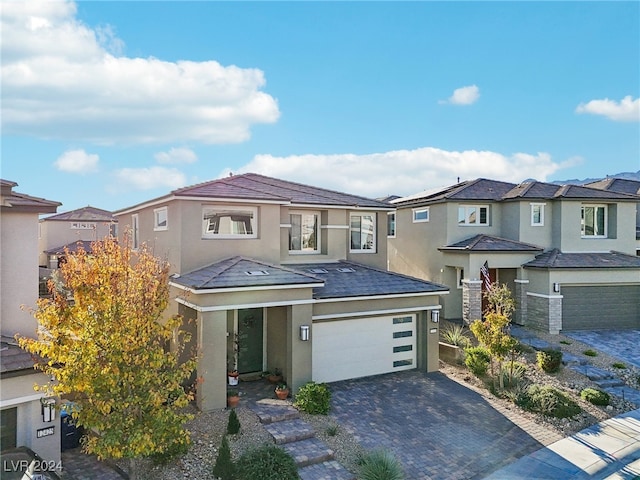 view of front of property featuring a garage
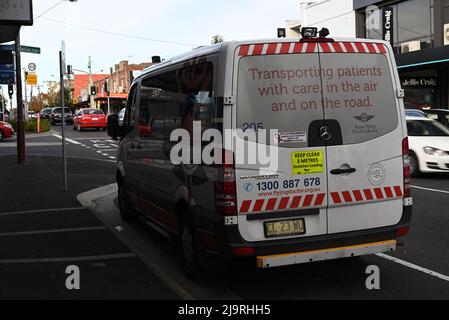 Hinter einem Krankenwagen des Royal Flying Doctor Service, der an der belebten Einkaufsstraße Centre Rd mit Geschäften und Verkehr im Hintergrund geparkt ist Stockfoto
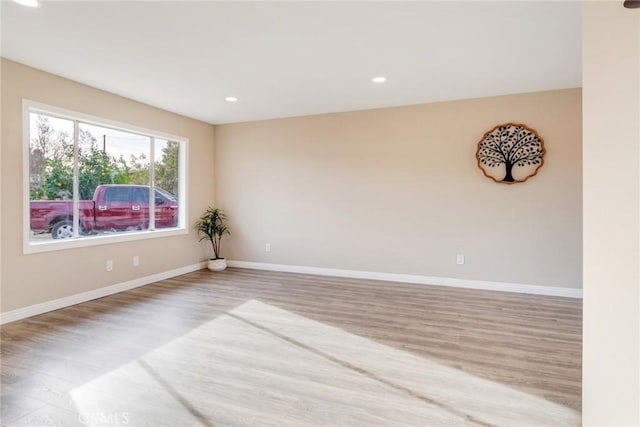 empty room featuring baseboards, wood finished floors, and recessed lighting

....

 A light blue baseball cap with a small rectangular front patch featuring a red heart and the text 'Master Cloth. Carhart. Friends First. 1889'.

....

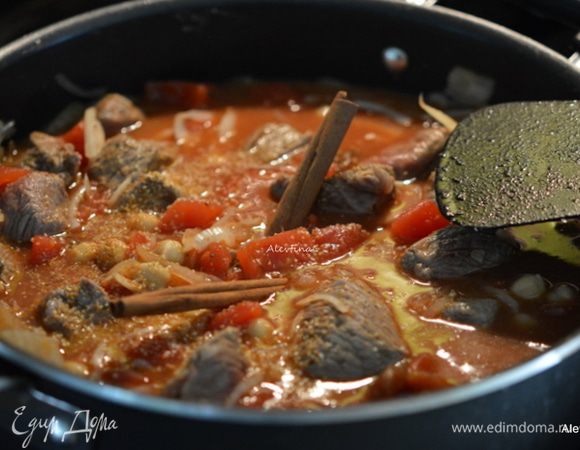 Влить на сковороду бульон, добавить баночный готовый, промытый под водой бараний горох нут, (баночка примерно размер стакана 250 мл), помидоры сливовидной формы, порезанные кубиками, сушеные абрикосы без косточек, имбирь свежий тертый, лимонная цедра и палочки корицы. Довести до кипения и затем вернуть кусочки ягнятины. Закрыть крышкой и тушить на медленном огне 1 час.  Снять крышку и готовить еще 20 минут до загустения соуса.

....

An exact copy of the lines above from the one with "view of front of property featuring a garage" up to and including the one with "empty room featuring" is required; reproduce only those lines, omitting all pictures.

**TASK ANSWER**
 view of front of property featuring a garage
 Hinter einem Krankenwagen des Royal Flying Doctor Service, der an der belebten Einkaufsstraße Centre Rd mit Geschäften und Verkehr im Hintergrund geparkt ist Stockfoto
 empty room featuring baseboards, wood finished floors, and recessed lighting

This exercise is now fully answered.